The device supports four interface modes (refer to the Conversion Data Read section), two low-power modes (refer to the Low-Power Modes section), and short-cycling/reconversion feature (refer to the Frame Abort, Reconversion, or Short-Cycling section).

8.5 Register Maps and Serial Interface

8.5.1 Serial Interface

The device uses the serial clock (SCLK) for synchronizing data transfers in and out of the device.

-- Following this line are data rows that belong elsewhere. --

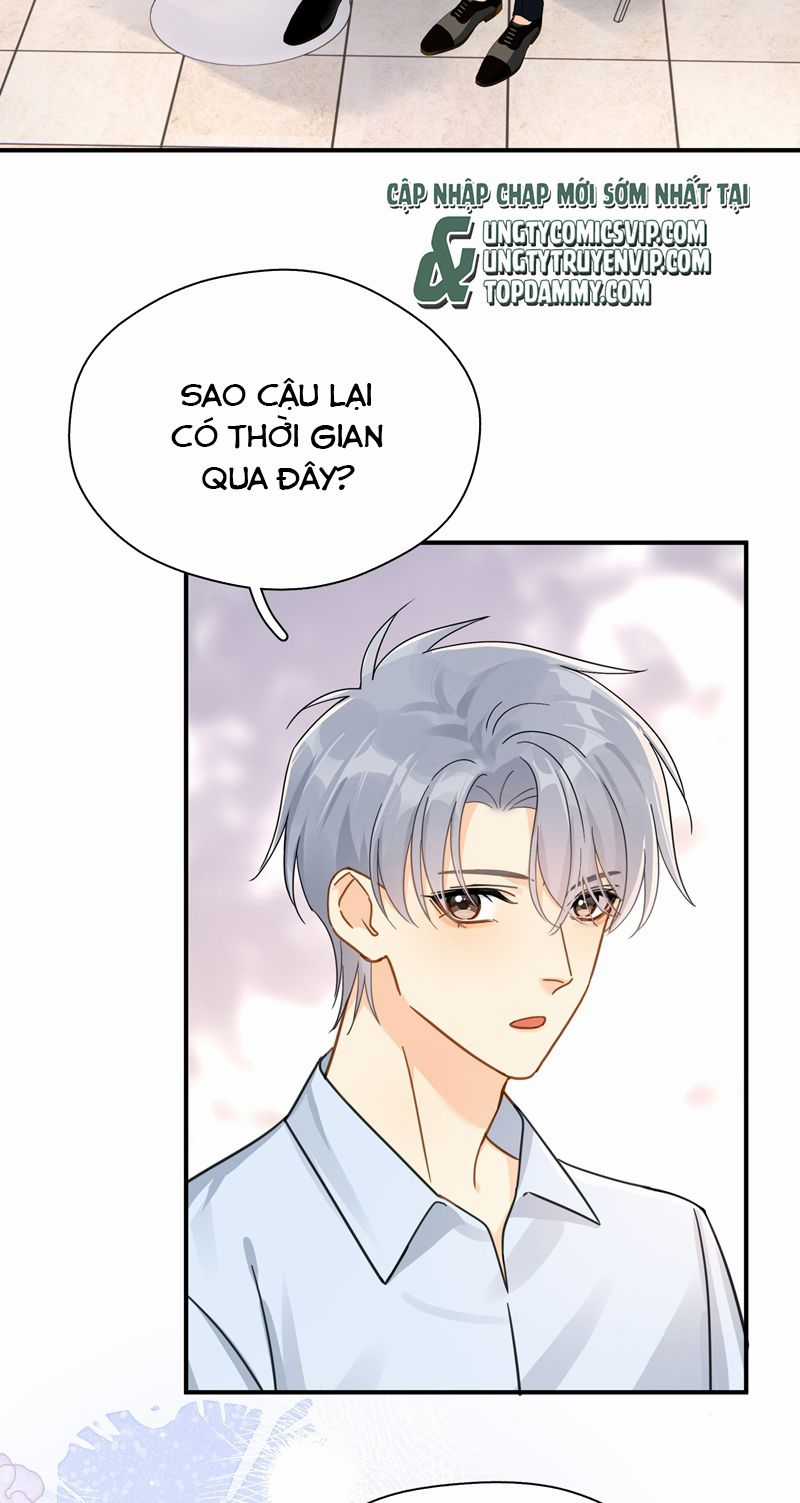 Theo Đuôi - Chapter 82 - Trang 37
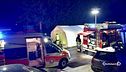Auto piomba sui turisti, sei morti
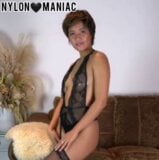 Nylon Maniac 074 snapshot 6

The CS signal defines one conversion and serial transfer frame. A frame starts with a CS falling edge and ends with a CS rising edge. Between the start and end of the frame, a minimum of N SCLK falling edges must be provided to validate the read or write operation. As shown in Table 4, N depends upon the interface mode used to read the conversion result. When N SCLK falling edges are provided, the write operation attempted in the frame is validated and the internal user-programmable registers are updated on the subsequent CS rising edge. This CS rising edge also ends the frame.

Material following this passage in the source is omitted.